Main Instruction Group#
The Main ALU performs all floating point, integer, and packing/unpacking operations. The operations are split into three phases that are fully exposed as separate entities where they are not being used for other functions.
The Main ALU may not be used at the same time as the Bitwise ALU.
Example#
0 : if (p0)
mul ft0, s0, s1 # phase 0 instruction
mad ft1, s3, s4, s5 # ft1 drives w1 by default, second to last phase present
mul ft2, is0, ft0 # ft2 drives w0 by default, last phase present
tstz.f32 ftt, p0, is1 # test instruction always drives feedthrough ftt
# p0 write optional
movc w0,w1, ftt, ft0, ft1 # ft1 or ft0 output to w0 (overrides default)
uvsw w0 # backend instruction
Opcodes#
Phase 0, phase 1 and backend can each take one instruction. Phase 2 can take PACK, TEST and/or MOV instructions.
Instructions should appear in the code in phase order (zero to two) and if there is a TEST instruction it should appear before the MOV instruction.
Instructions do not need to be present for all phases, but there are some restrictions on which combinations of phases can be present. Phase 1 can only be present if phase 0 is also present. Backend instructions can be present on their own or in combination with phase 0 and phase 2.
Source Arguments#
There are two groups of ALU inputs:
S0, S1, S2
S3, S4, S5
0, 1, 2 or 3 inputs may be used from each instruction group, but the lowest numbered inputs within each group must be used first.

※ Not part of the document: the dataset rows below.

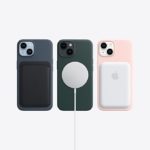 Apple iPhone 14 - 6,1" - 128 Go – Image 8
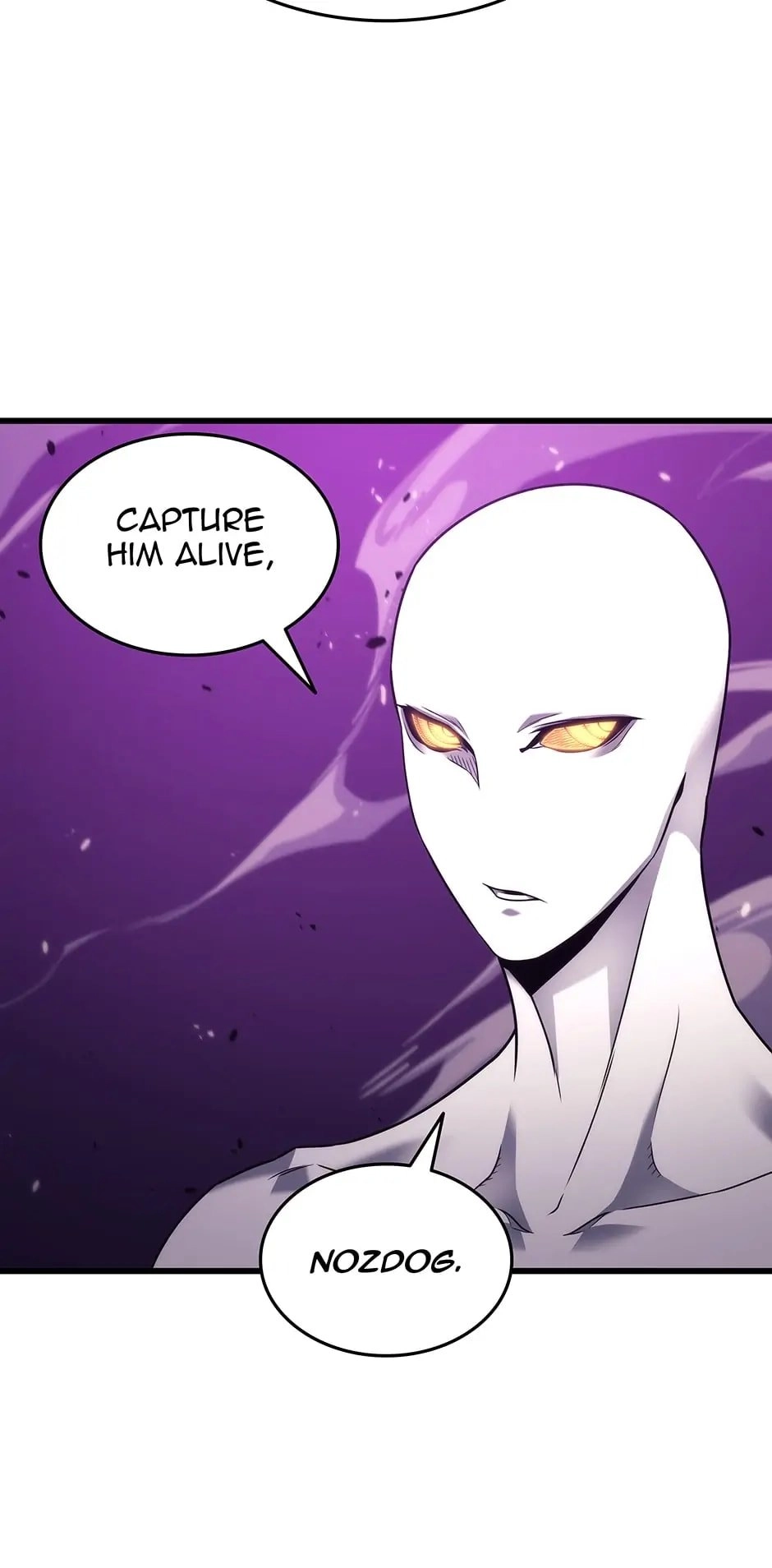The Great Mage Returns After 4000 Years Chapter 177 – You Are More Than That Page 25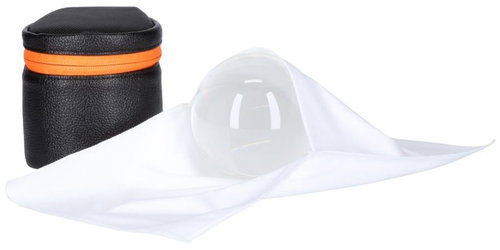 Lensball Roller 90 mm - Camera Accessory - Main image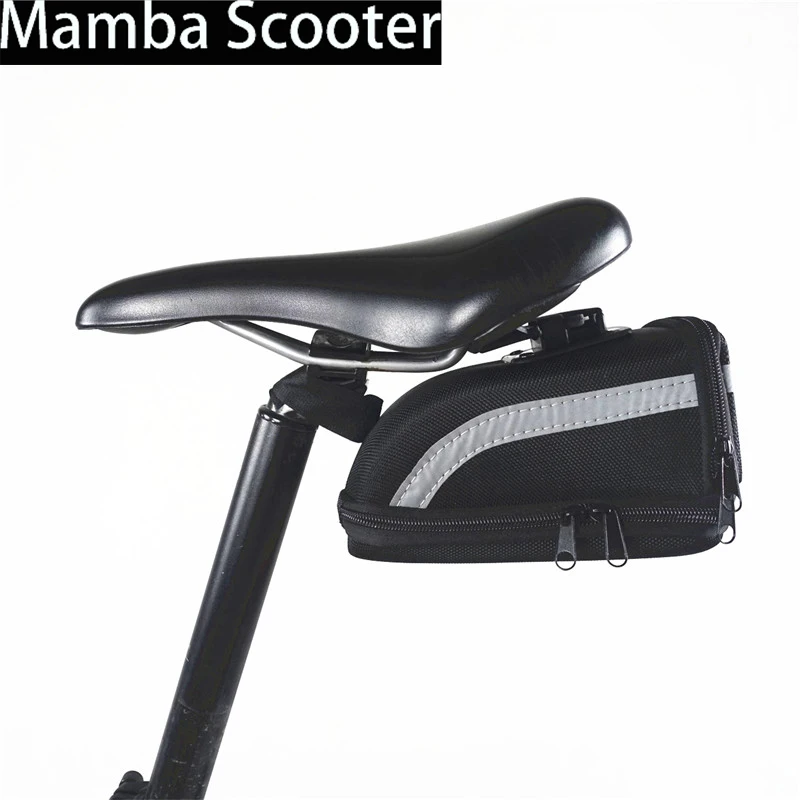 xiaomi qicycle bag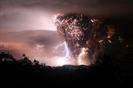 most-amazing-photos-ever25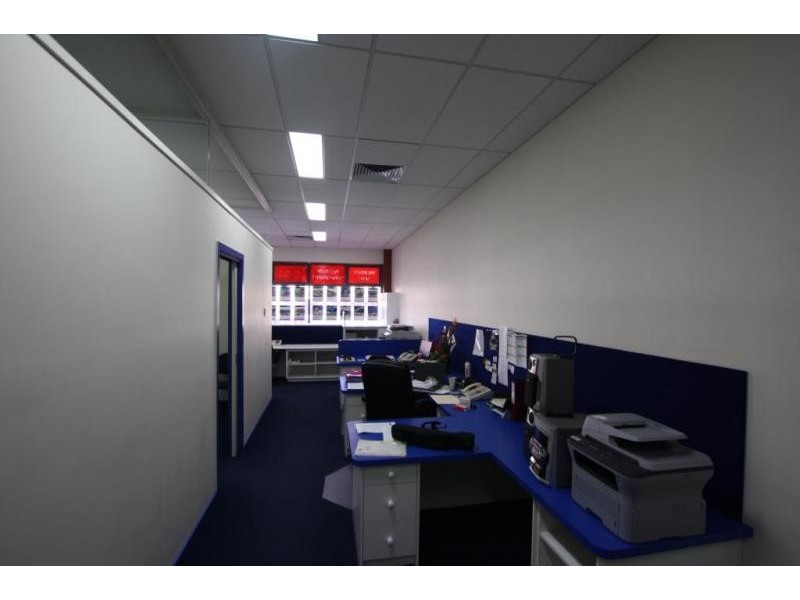 34 Commercial Street, Korumburra VIC 3950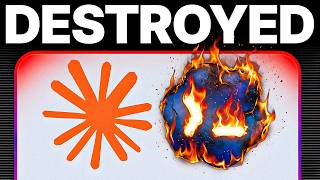 New Claude Update DESTROYS ChatGPT Codex!  🤯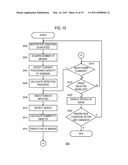 IMAGE DISPLAY SYSTEM, IMAGE DISPLAY APPARATUS, IMAGE PROVIDING APPARATUS AND METHOD THEREOF diagram and image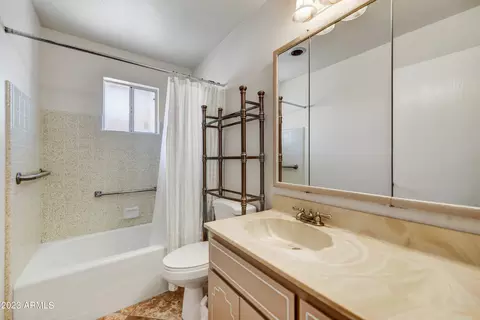 4021 E Carmel Cir, Mesa, AZ 85206 photo 17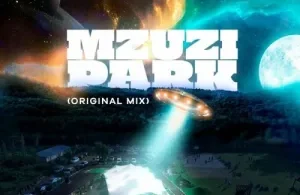 OneDown & Saint Evo – Mzuzi Park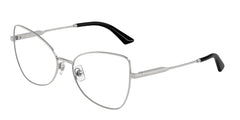 Prescription Glasses Jimmy Choo JC2006 3002 55 17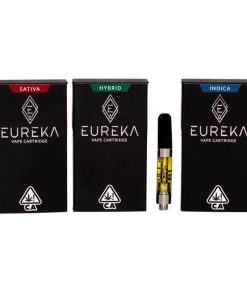 Latest-eureka-carts-packaging-empty-carts-bulk-wholesale-different-flavor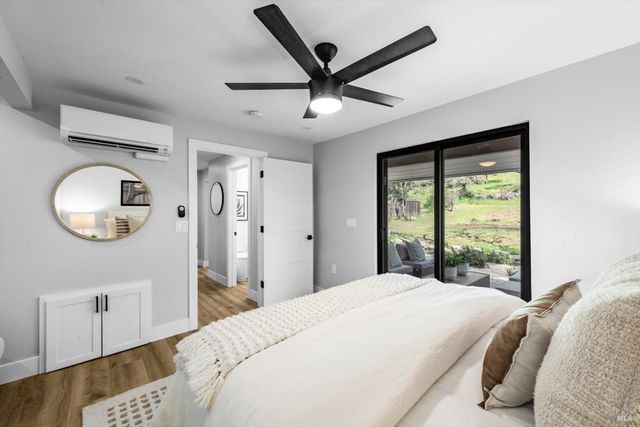 2192 1st Ave, Napa, CA 94558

Source arguments denote possible input registers in the reference section.
Internal Source#
Internal feedthrough sources (FT0, FT1 and FT2) are generated by phase 0, 1 and 2 instructions respectively. These are shown as the destination (first argument) of the phase instructions.
Internal sources for phase 2 may need to be declared if phase two instructions are present. Phase 2 instructions can only choose from two pre-selected external sources in addition to FT0 and FT1 and these are named IS0 and IS1.
Destination Arguments#
ALU outputs are:
W0
W1
Destination arguments denote possible output registers in the reference section.
Complex Instructions#
Complex and trigonometric instructions use the entire Main ALU and have fixed sources and destinations.
Note
When issued in Phase 1, Complex and Trigonometric instruction types can leave resources free in Phase 0 of the Main ALU to be coissued. They can also be coissued with F16SOP operations. FRED instructions can never be coissued and 32/64 bit integer instructions cannot be used in Phase 0.
Texture Address Unit#
The texture address unit (TAU) is used to calculate texel memory addresses for a given set of texture coordinates. The texture address unit occupies all phases of the Main ALU, and is used via the GTA (Generate Texel Address) instruction. GTA has fixed sources and destinations.
The TAU processes four instances in parallel which allows common source data and calculations to be shared. For example, each instance reads only 32 bits of the 128-bit texture state.
F16 Sum-of-Products Unit#
The F16 Sum-of-Products (SOP) unit is an F16 precision vector ALU, which may be used for operations such as alpha blending. Any F32 inputs are converted to F16 prior to performing calculations. The F16 SOP unit uses the entire Main ALU.